Written by: Christopher Llewellyn Reed | October 14th, 2021
Bergman Island (Mia Hansen-Løve, 2021) 2½ out of 4 stars.
Beautifully rendered and exquisitely cast, Mia Hansen-Løve’s Bergman Island takes us to Fårö Island, just north of Gotland Island, both of which lie south of Stockholm, Sweden, in the Baltic Sea. We journey in the company of Chris (Vicky Krieps, Phantom Thread) and Tony (Tim Roth, Luce), a filmmaker couple making a pilgrimage of sorts to the home of one of their favorite directors. That would be Ingmar Bergman, who lived and worked on Fårö, setting many of his movies there, starting with the 1961 Through a Glass Darkly. Tony is the older and more famous of the visiting duo, and has in fact been invited to present some of his best-known works. Both he and Chris hope to write while they are there, each finding a separate space on the property they have rented, which just happens to be the house used in the 1973 Scenes from a Marriage. As the woman showing them the place reminds them, that’s “the film that made millions of people around the world divorce.” Seems like heavy foreshadowing.
Except that’s not quite where we end up, though there are hints and inferences, twists and feints, all seeming to point in certain directions, yet never quite getting there. It’s an often-engaging odyssey, however, even as it frustrates narrative expectations without always offering something meaningful in return. Halfway through, we temporarily abandon the growing tension between Chris and Tony over the former’s writer’s block and the latter’s lack of helpfulness to plunge head-on into a screenplay-in-progress. There, we meet Chris’ protagonist, Amy (Mia Wasikowska, Judy & Punch), and her would-be lover, Joseph (Anders Danielsen Lie, The Night Eats the World), in a movie-within-the-movie that adds ever more layers to the intrigue. A final transition near the end throws in one more fanciful strand before we return, more or less, to where we started. Things have changed, but not really.

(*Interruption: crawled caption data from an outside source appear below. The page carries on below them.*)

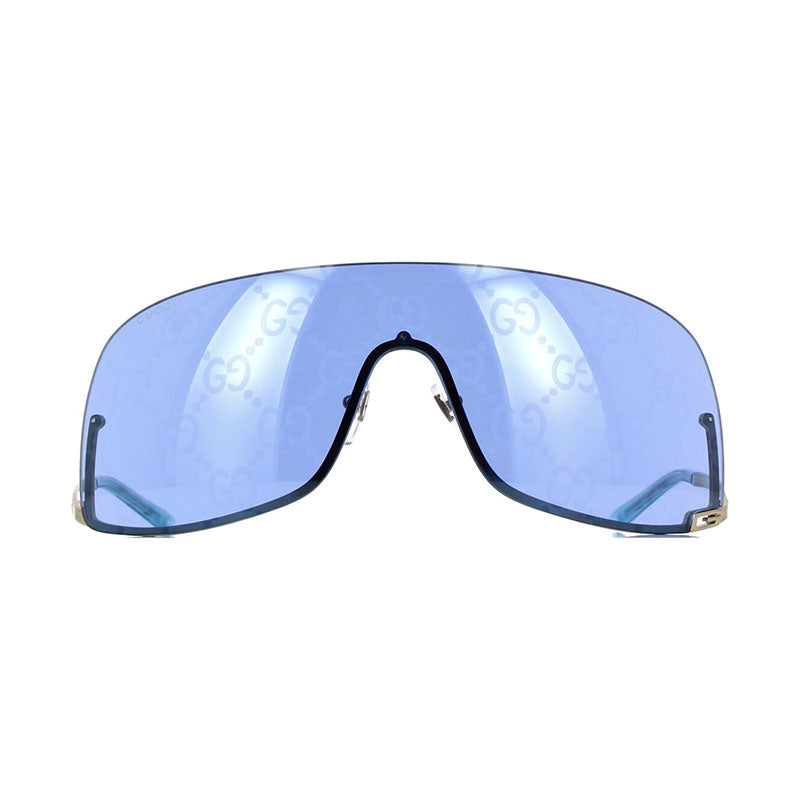Gucci Sunglasses Shield Semi Rim, Gold Frame and Grey Lens GG1560S001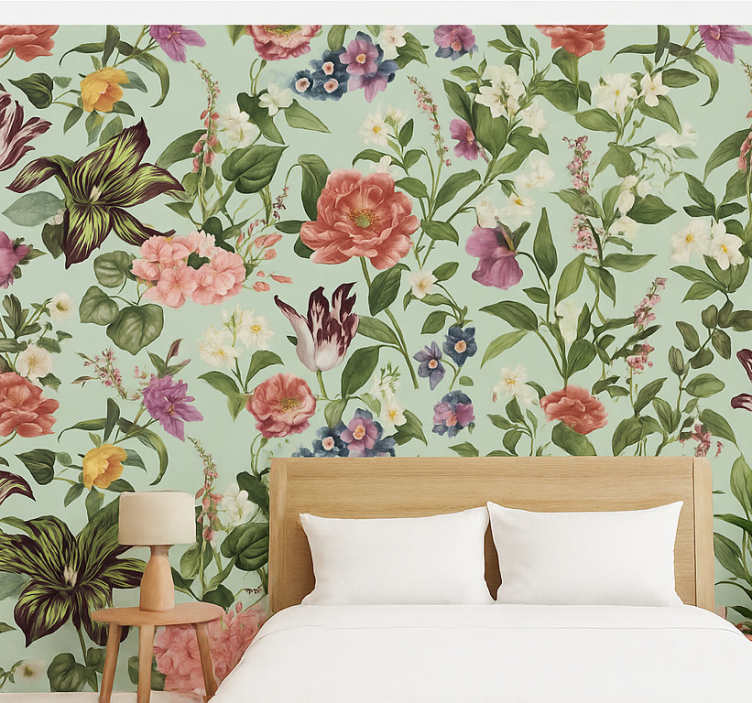 Slaapkamer behang met kleurrijke lente bloemen - TenStickers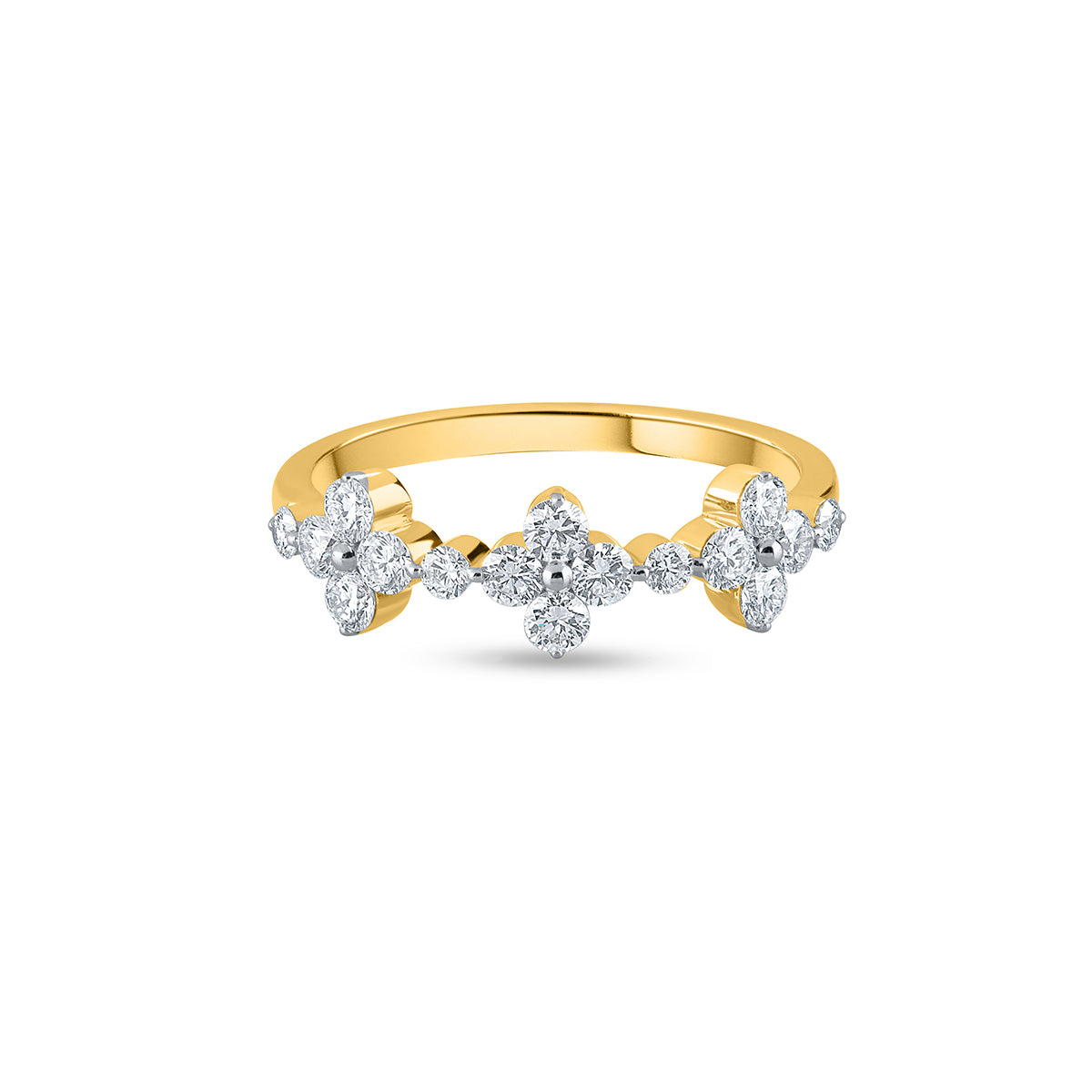 "Purecarat Elegant Gold Diamond Cluster Flower Ring"
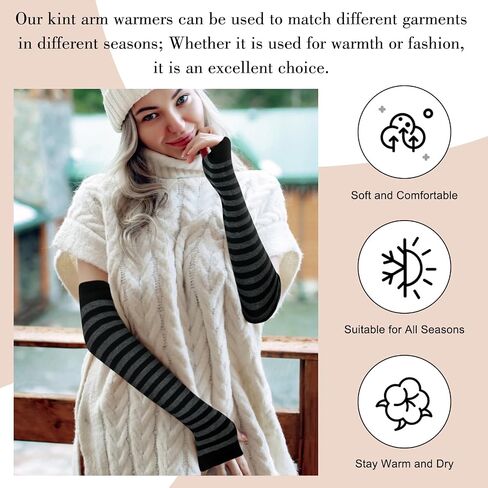 Amandir Long Fingerless Gloves for Women Arm Warmers Knit Thumbhole Stretchy Gloves in Saudi Arabia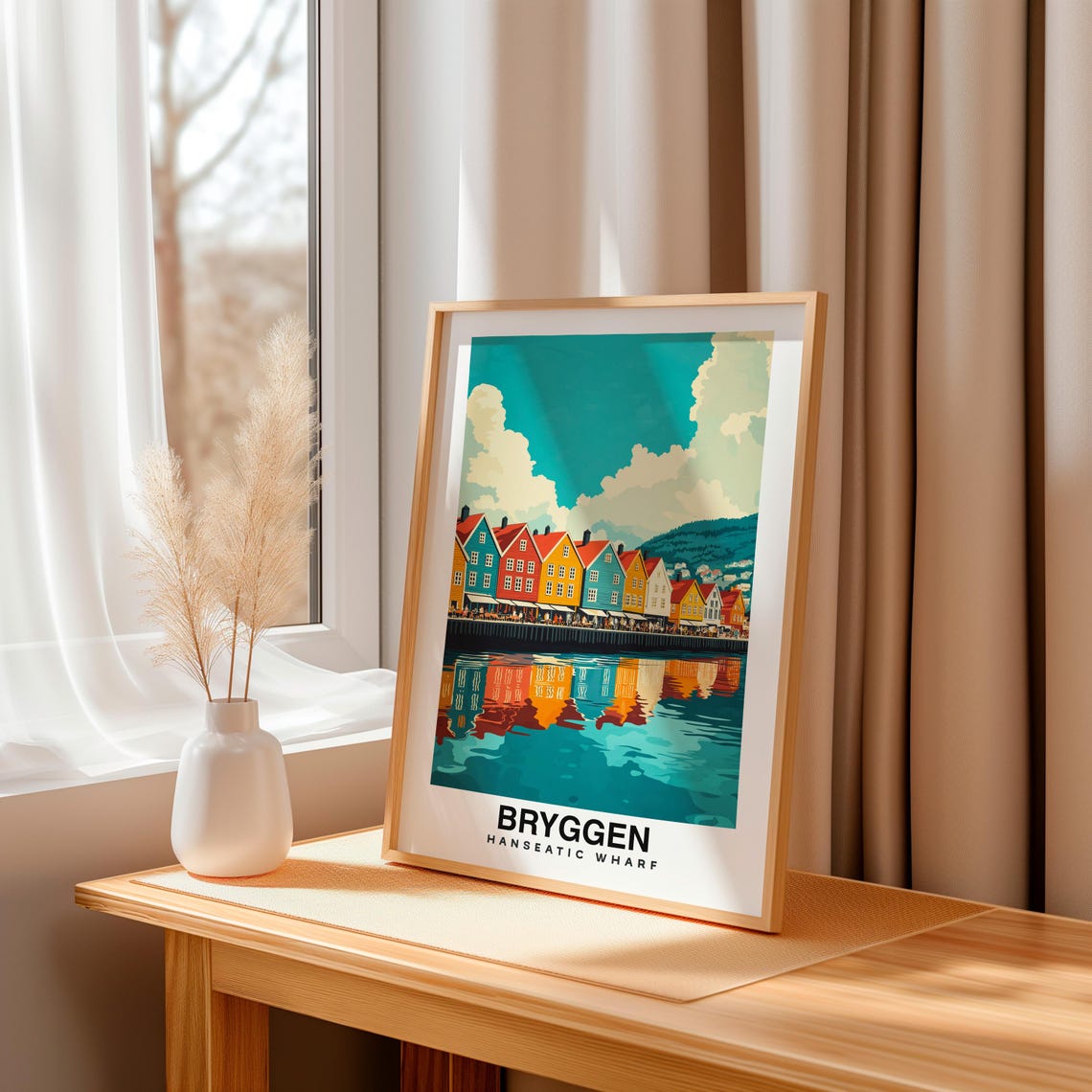 Bryggen Hanseatic Wharf Print Travel Poster Norwegian Art Historic Buildings Scenic Harbor Cultural Landmark Vibrant City Bergen - Image 3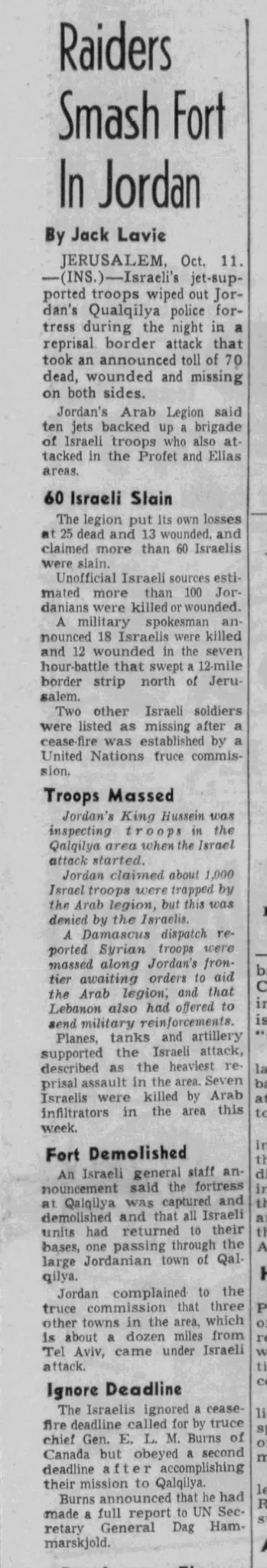 Raiders Smash Fort In Jordan &mdash; Pittsburgh Sun-Telegraph, 11 October 1956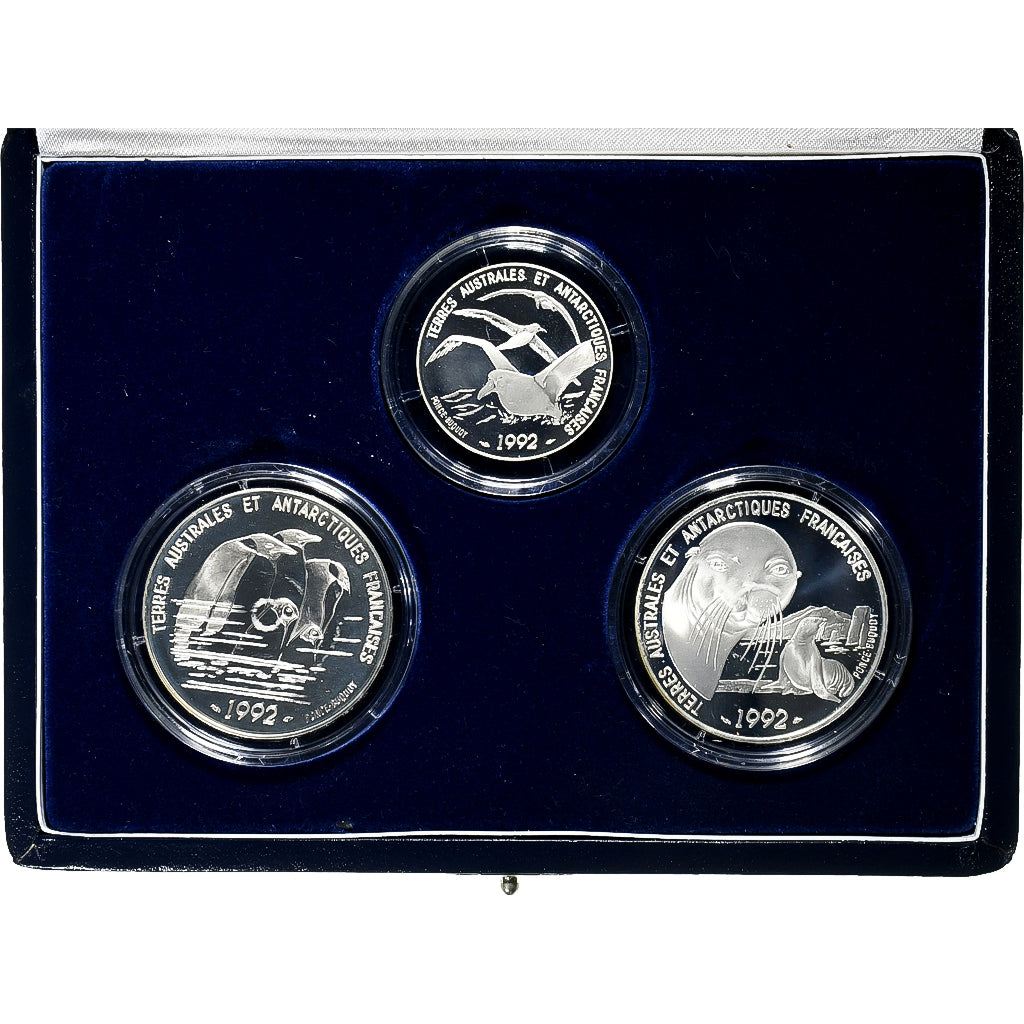 Coffret 5F & 2x 100F, Terres Australes et Antarctiques Françaises, MDP, Proof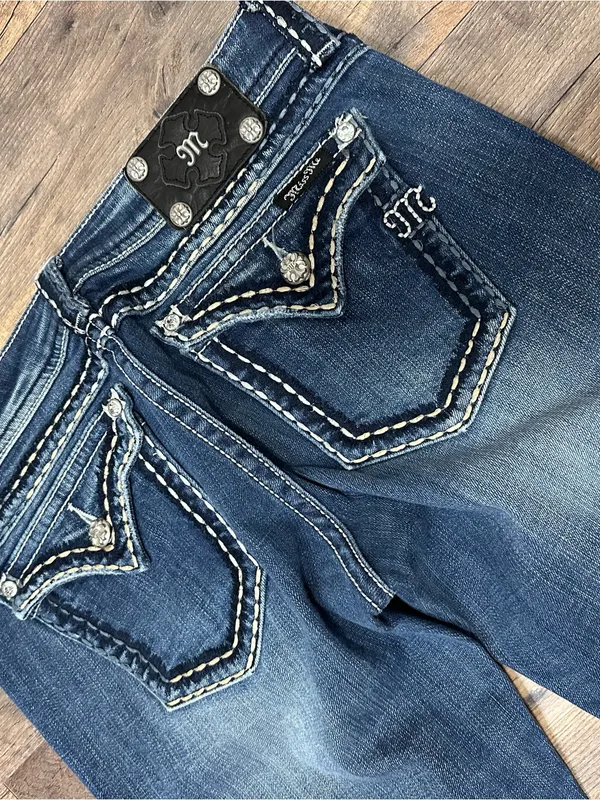 Miss Me Blue Flare Boot Jeans with Embroidered Back Pockets - Image 3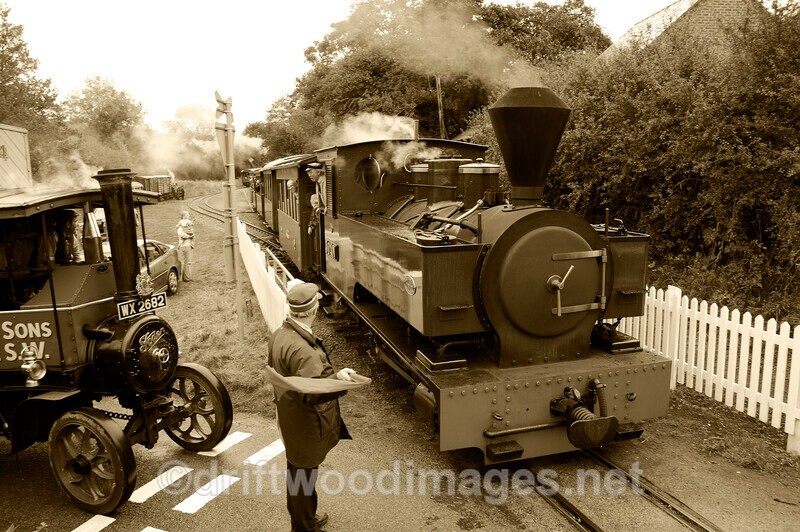 WLLR Joan leaves Cyfronydd with the 1547 train to Llanfair sepia - The Welshpool & Llanfair Light Railway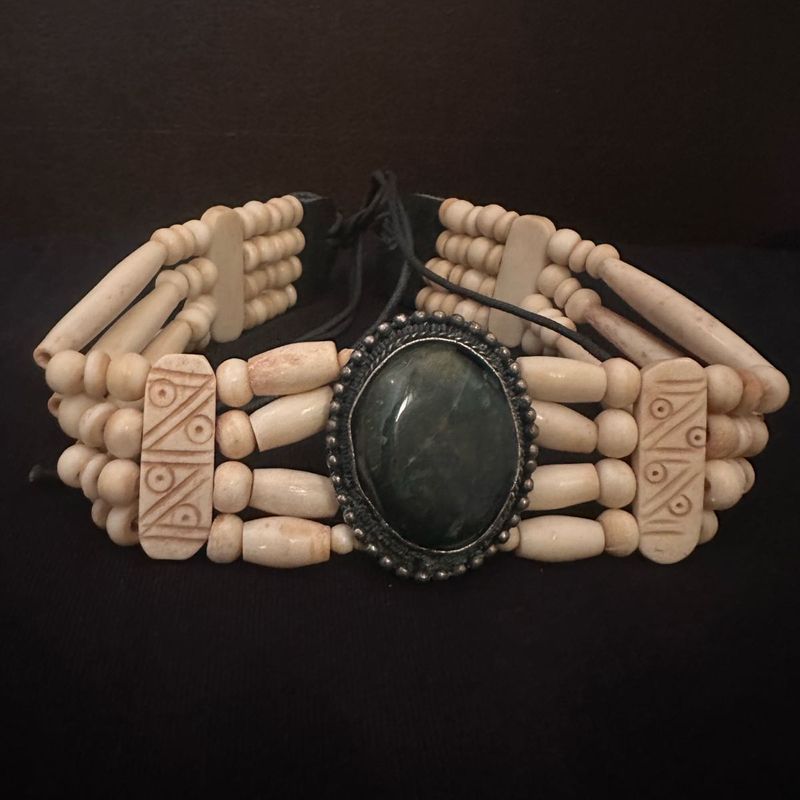 vintage bone beaded agate boho choker
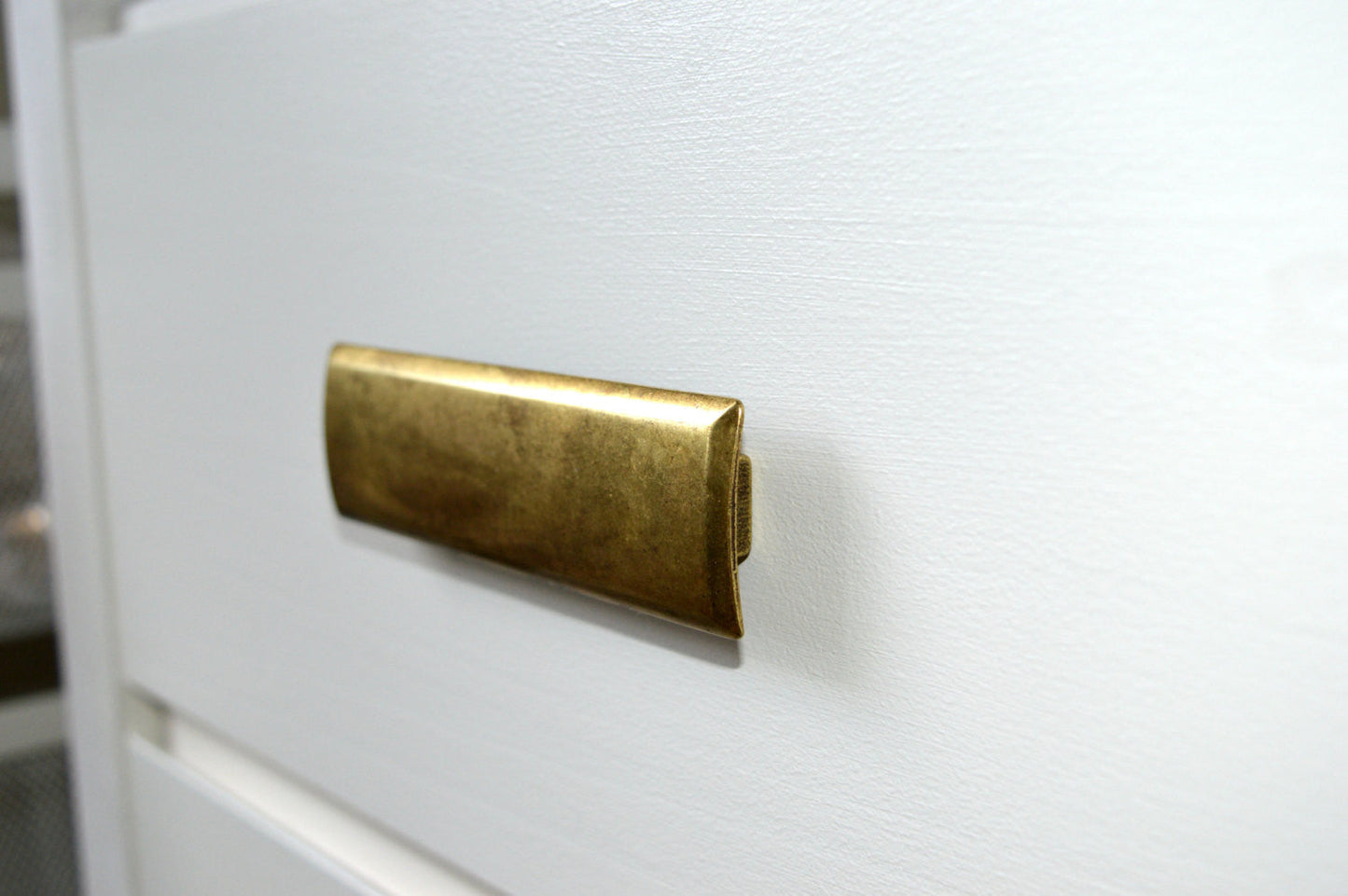 Rectangular Drawer "Roman" Pulls in Antique Brass - Brass Cabinet Hardware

As a meditation on the creative process, Bergman Island has its strong moments, the alternating realities colliding in intriguing ways. As an exploration of the frequent manner in which women’s desires are subsumed to that of men’s, the movie also delivers worthy insights. And yet the meandering structure, while never tedious, rarely coalesces into a story of great consequence. Perhaps that’s part of the central thesis, that much can happen even when not much seems to happen; as in Bergman’s œuvre, the interior voyage is where the treasures lie. Still, Hansen-Løve (Things to Come), while enchanted with her location (which is beautiful), can’t quite find a way to make it any more than a picture-postcard background. Despite the attempted allusions to the Swedish master’s own films, the relationship between form and function feels forced.
And yet, the movie proves consistently enjoyable, no matter the missed connections. Krieps and Roth make a fascinating pair, as do Wasikowska and Danielsen Lie. Incidental characters come and go, yet these four hold our focus, reality and imagination blending into an evocative cinematic stew. It may not be Bergmanesque, but Bergman Island delivers its own unique charms.